As a novelist myself, this view of the short story cannot be further from my experience of writing. The short story is not a seedling novel, any more than a poem is a novel embryo. Short stories require immense discipline to write, the restricted palate and size constraints of the short story provoke a different style of thinking to that required for the novel. The novel is an expansive genre one which can contain multiple plot lines and many characters. Novels are also more likely to be character driven as the expanded space allows for significant development of the character rather than the short stories epiphany. Thus on the surface the two forms would appear to have little in common.

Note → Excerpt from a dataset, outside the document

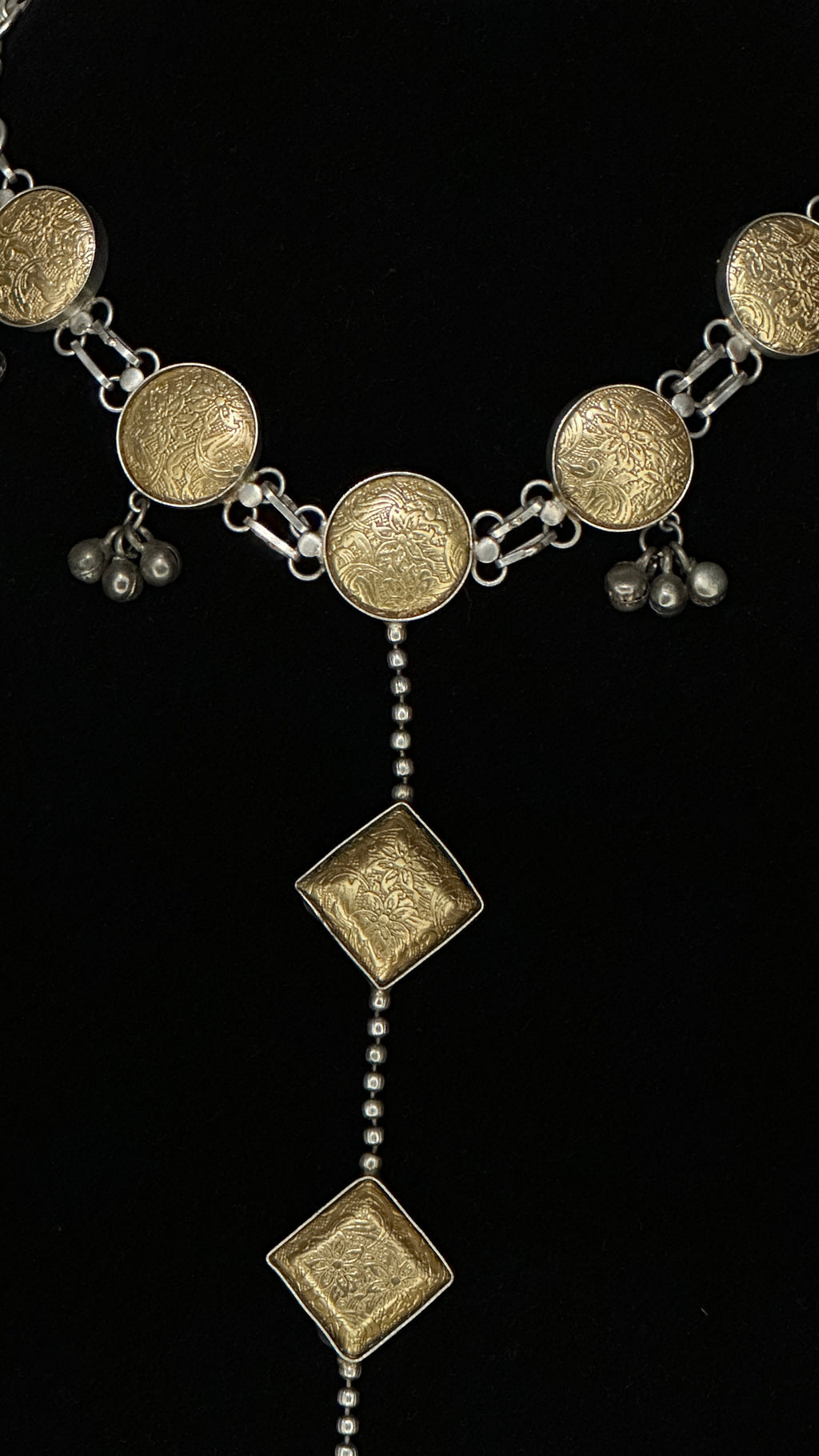 Choker with studs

However, as Gerald Prince discusses in his attempt to define the short story, the short story “must be “literary”; offered for “display”; intended or taken to be beautiful, pleasing, aesthetically affecting.” (Prince 1993) The vagueness of this definition can easily be also applied to the literary novel, another genre of writing without a solid definition, unlike its sisters, crime writing, historical fiction, romance fiction etc. As literary fiction is the genre in which I am writing, the problems of definition are mine also. What is a literary work? When in either long or short form, this is a difficult question to answer. For me as a novelist it means that I classify my work as a Histographic Metafiction, after the postmodernist definition advanced by Linda Hutcheon, a process which denies closure, and disrupts ideas of grand narrative and certainty. (Clark, 1993) The contemporary short story interested in the disruption of identity, of the limits of language and the possibility of existing outside language and signification, outside the ‘I’ is a challenge to the society as a whole and an example of extreme individualisation where every marker of selfhood is thrown off. This is a difficult idea to sustain for a novelist, though writers like Beckett, Kafka and Calvino have managed to write works along such themes. The novelist with their expanded canvas is less likely to engage with this close disruption of identity, rather as I choose to do, the novelist will look to disrupt dominant social narratives, as Jeanette Winterson does in her novel, Boating for Beginners or more seriously in Jessica Anderson’s The Commandant.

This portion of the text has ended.